Questions regarding the micronation’s continuance began following the August 6th vote in which 49% of the population voted for autonomy within Scotland, while 48% desired preparing for full independence. A further 2% wanted full integration with Scotland. The referendum was declared a failure, as neither side reached a majority, causing the government to fall. The Sovereign Prince, Charles II, decided that Scotia would continue to work toward full sovereignty, spurred by the acquisition of an island in Scotland to support the building of a physical community.

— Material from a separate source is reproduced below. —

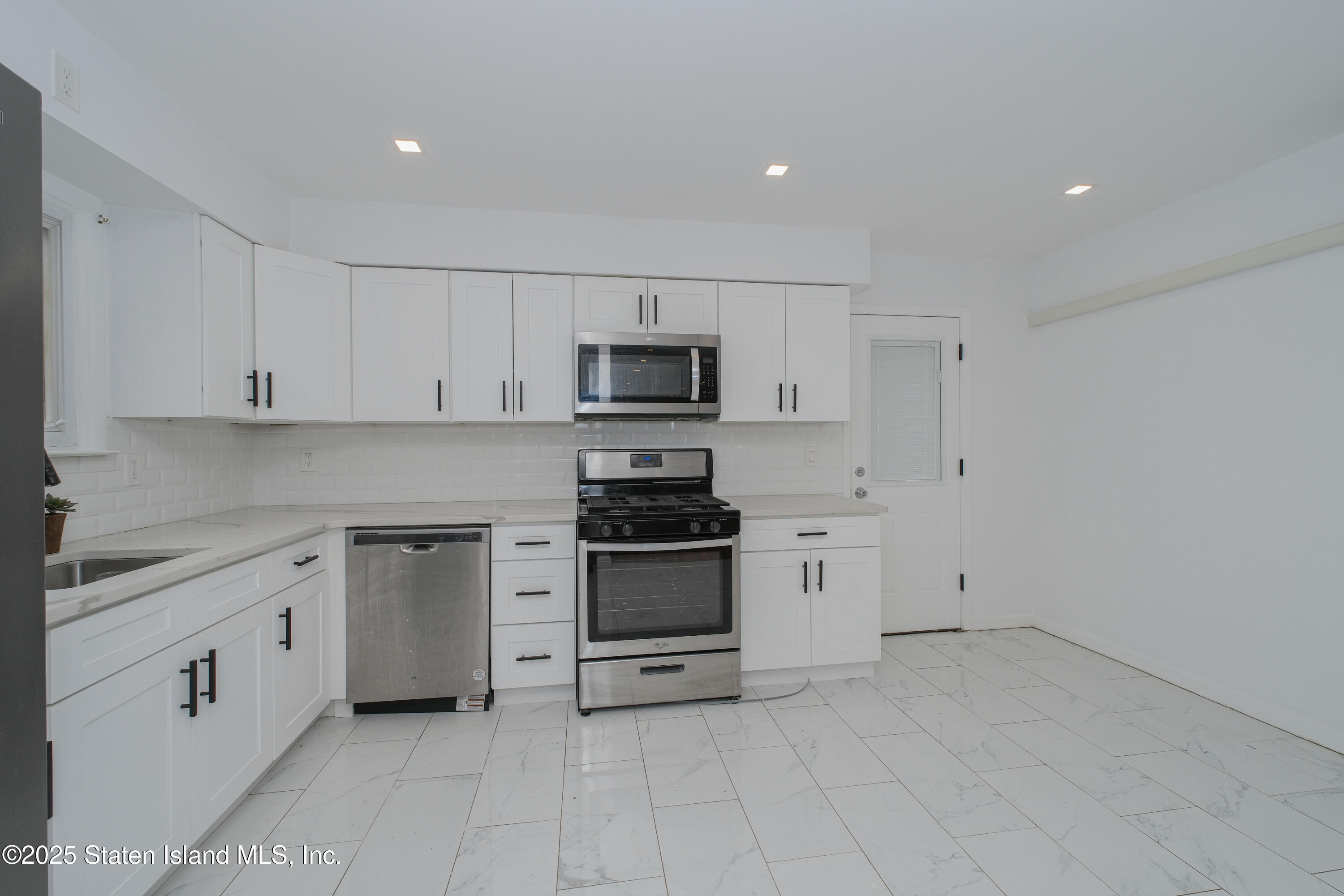 3553 Hylan Boulevard, Staten Island, New York image 14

The island, according to the Prince, is the first step toward fulfilling his vision for Scotia. “As we now have an island, the next 3-4 years will be very important to us in setting our foundations, solidifying our identity and preparing ourselves to declare independence as a fully sustainable nation,” he said in prepared remarks introducing a public consultation. At 27 sq. m., the island, the location of which has not been publicly announced, is reported to have a current population of 20, a range of existing community infrastructure, as well as a variety of livestock and agricultural foodstuffs.

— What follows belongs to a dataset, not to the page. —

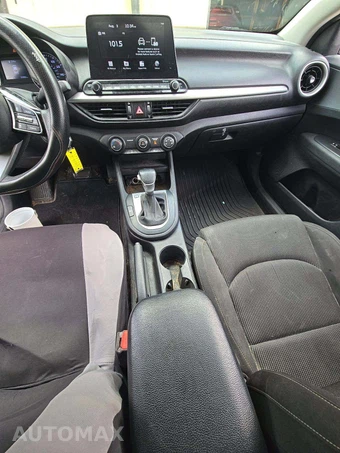 2021 Kia Forte LXS - miniatura 10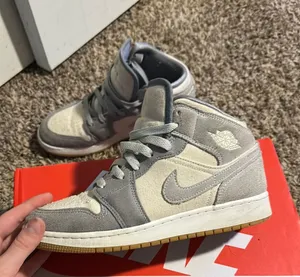Jordan 1 Mid SE thumbnail 1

The survey-based public consultation is comprehensive, seeking input from all interested individuals on a broad range of topics, from matters as small as choosing a national animal to more fundamental ones, such as revenue generation and the structure of the Royal Family. The consultation also seeks input on setting Scotia’s priorities ahead of any declaration of independence.
One such priority will be the formation of a stable government in the wake of the referendum. A month later, Scotia continues to lack a Prime Minister and National Council, despite pleas on its Twitter feed for citizens to come forward. It is unclear when or if a functional government will take office.
What is clear is that the decision to continue toward full independence, contrary to the will of 51% of the voting population who favoured some form of integration with Scotland, has set a difficult path ahead for Scotia.